GLOBAL WARMING: The Great Experiment on Planet Earth

Answers to these questions will vary, of course, depending on who responds. A physicist might bring up the discoveries of Galileo or Newton for one, and those of Albert Einstein or Max Planck for the other. A historian might think of Columbus’s landfall in the Caribbean, and of the collapse of the British Empire or that of the Soviet Union. An engineer might suggest the invention of steamships and getting to the Moon. A sociologist might select the discovery of microbes and the military applications of nuclear energy.

Without doubt, all of these events qualify as enormously important in the history of humankind.

However, looking at the time scale of millions of years, a geologist would have to say that the most important event was the fact that human impact on the natural environment became the dominant geologic force in the last millennium, largely through the expansion of agriculture and fisheries. As to the last hundred years, the most important development is the alteration of the atmosphere. We are burning coal and oil at a rate roughly a hundred thousand times greater than it can re-form. In consequence, we have driven the trace gas composition of the atmosphere into a range not experienced in the last million years.

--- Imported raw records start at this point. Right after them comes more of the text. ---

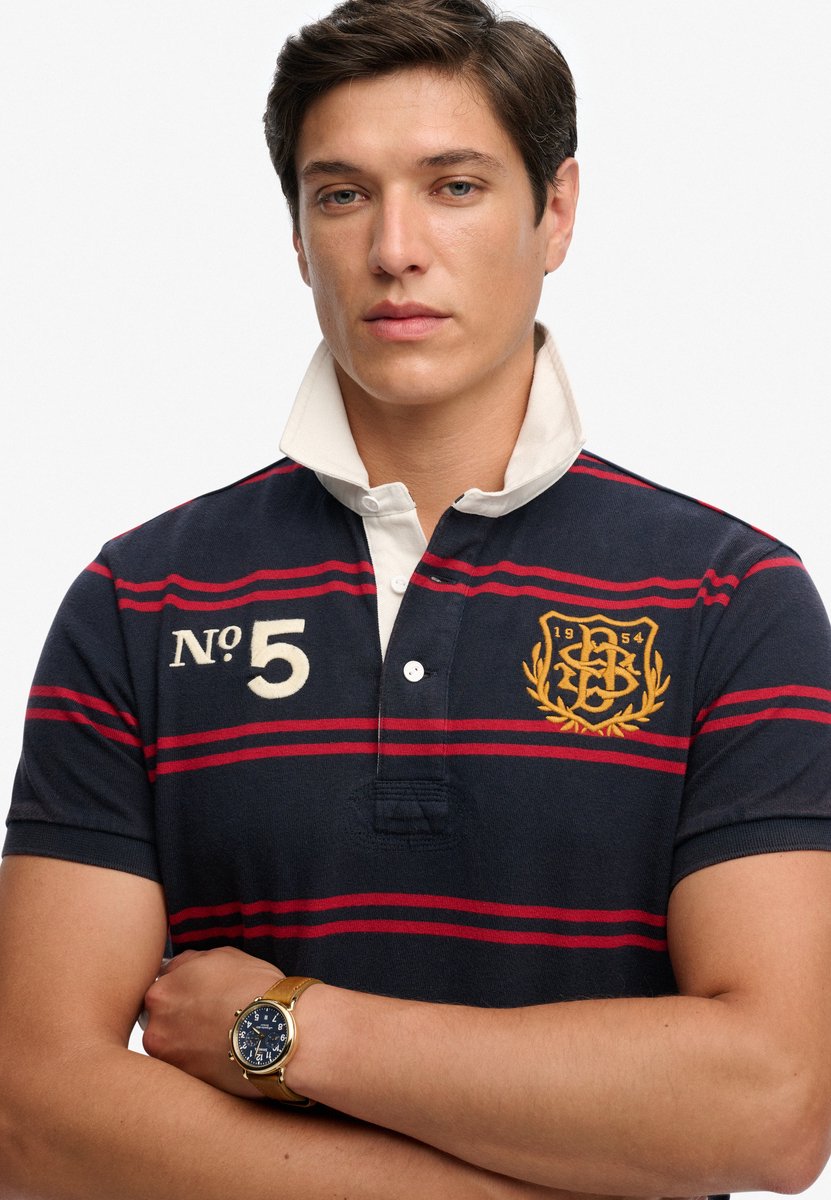 Superdry Double Emblem Rugby Korte Mouw Poloshirt 3XL Man Marineblauw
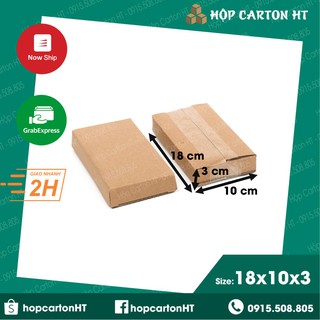Combo 100 Hộp Carton Đóng Hàng 18x10x3 Chất Liệu Carton 3 Lớp Dày Dặn Dùng Gói Đơn COD - Hộp Carton HT
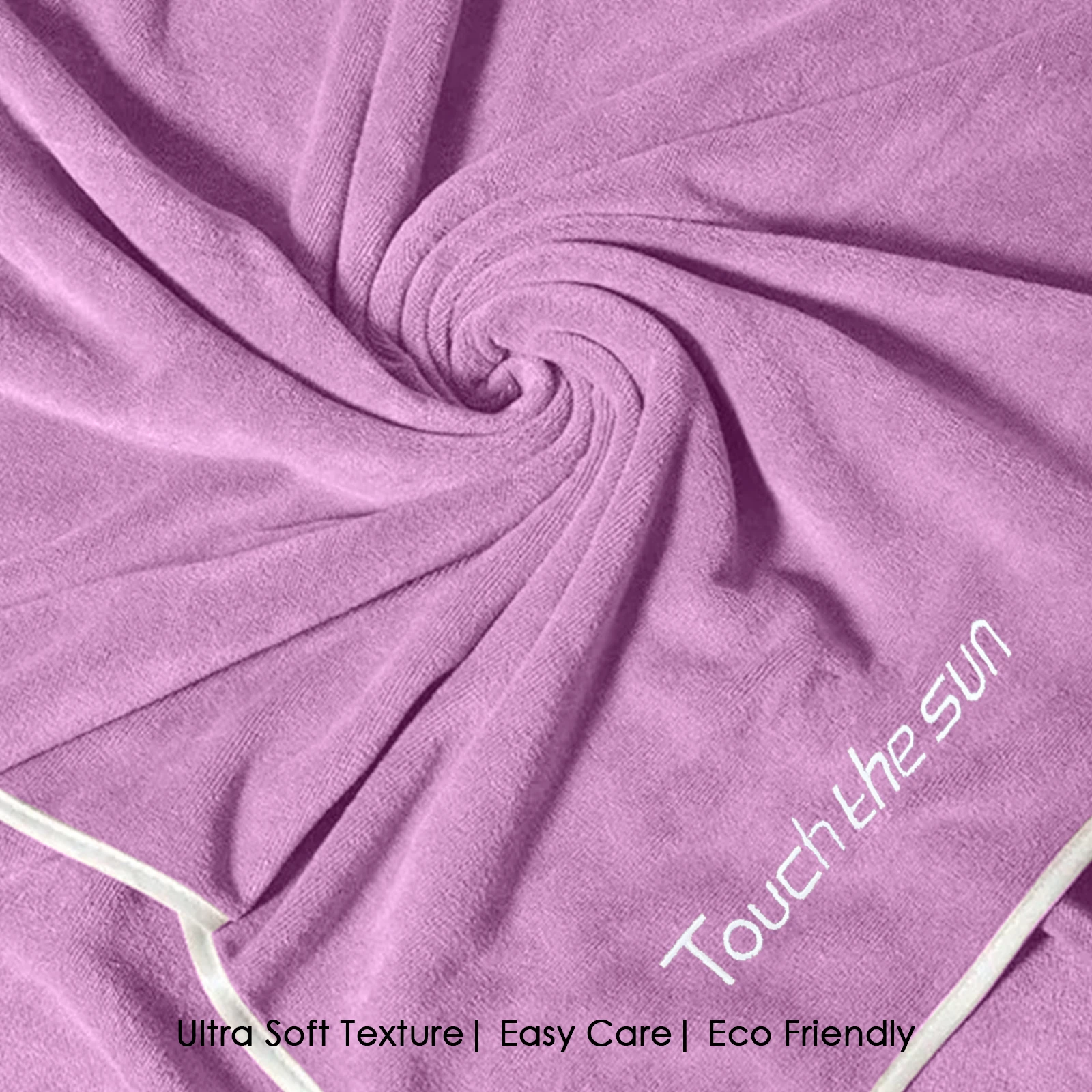 HOUSSE Microfiber Embroidery Hand Towel – 35 * 75cm, 350 GSM, Soft & Absorbent, Quick-Drying Sweat Towel – Ideal for Gym, Beach, Fitness, Outdoor & Home Use (Touch The Sun Magenta- Peach)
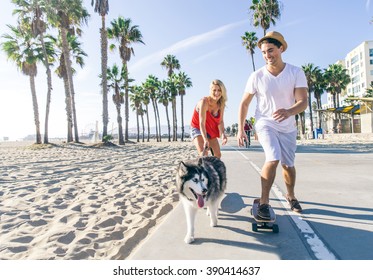 Beautiful couple skating with dog on ocean walk front during a summer vacation - Cheerful happy friends doing sport activity on the beach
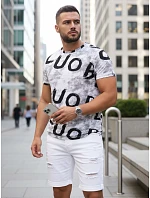 Pánske tričko s potlačou svetlo šedé FashionStreet RX5675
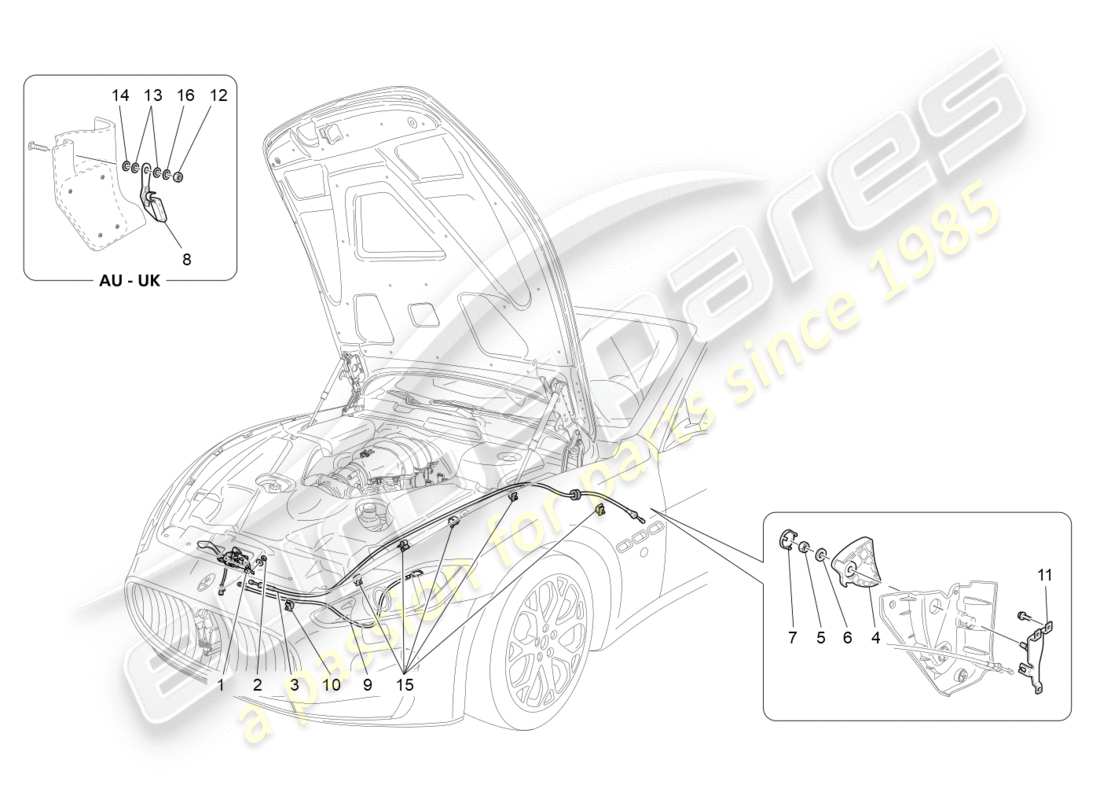 maserati granturismo (2010) front lid opening button parts diagram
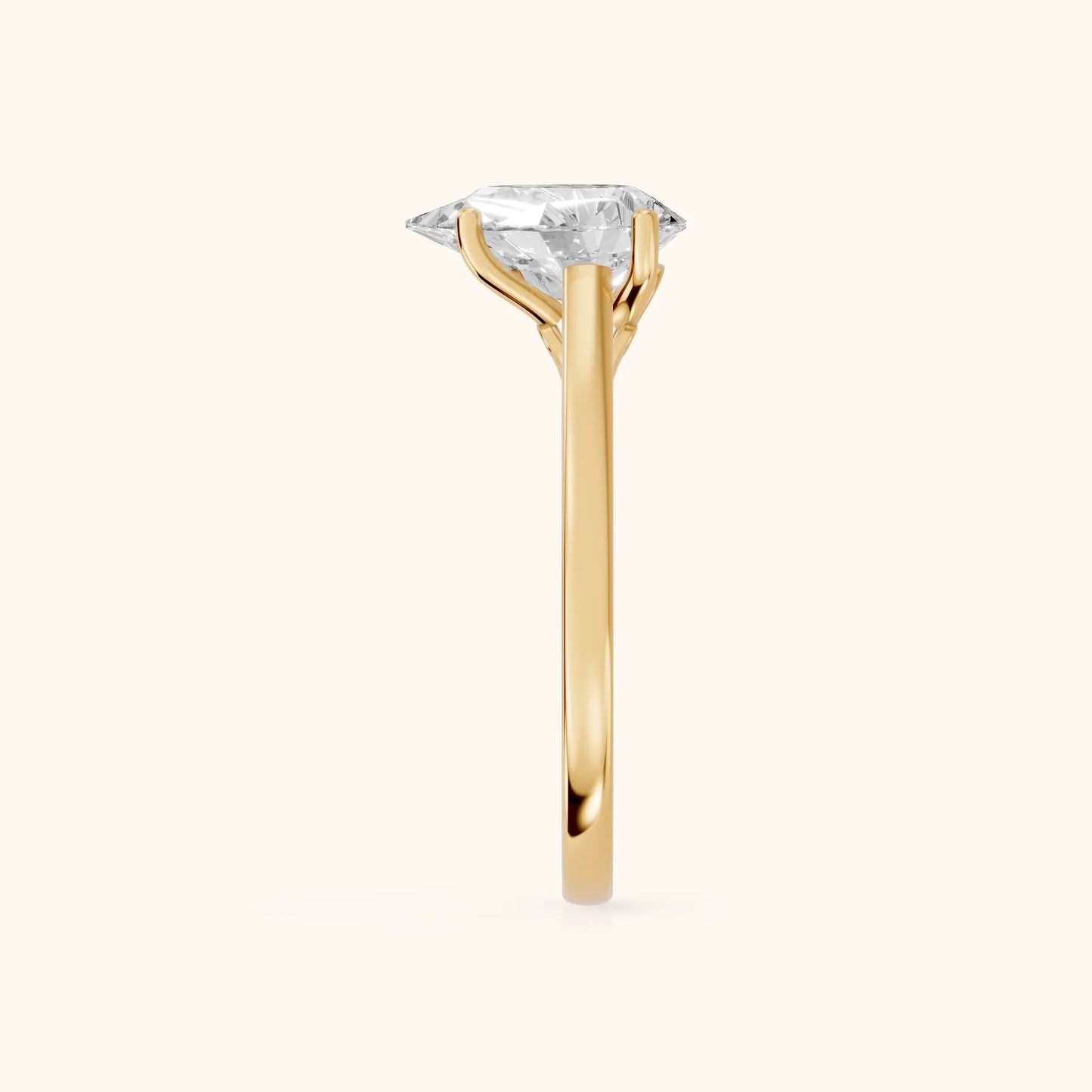 Iris Vintage Pear Diamond Engagement Ring in Yellow Gold - SideView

As expected, the result is global warming. The release of vast amounts of trace gases to the atmosphere is a great experiment on Earth’s climate. It is not a controlled experiment, as in the laboratory of a scientist. It is not known how long the experiment will run, nor how much the trace gases will build up. We do not have a good idea of what to expect in terms of overall warming, nor how different degrees of such warming would influence climatic conditions. Thus it is an experiment whose course and outcome are uncertain.


The rise of carbon dioxide as measured by Charles D. Keeling and collaborators on the top of Mauna Loa. The unit “ppm” stands for “parts per million by volume.” The rise results from burning of fossil fuels, with some contribution from deforestation and production of cement.
We are passengers on a voyage into fog-shrouded uncharted waters. Some say, there are reefs ahead. Others say, there are none. The truth is, no one knows.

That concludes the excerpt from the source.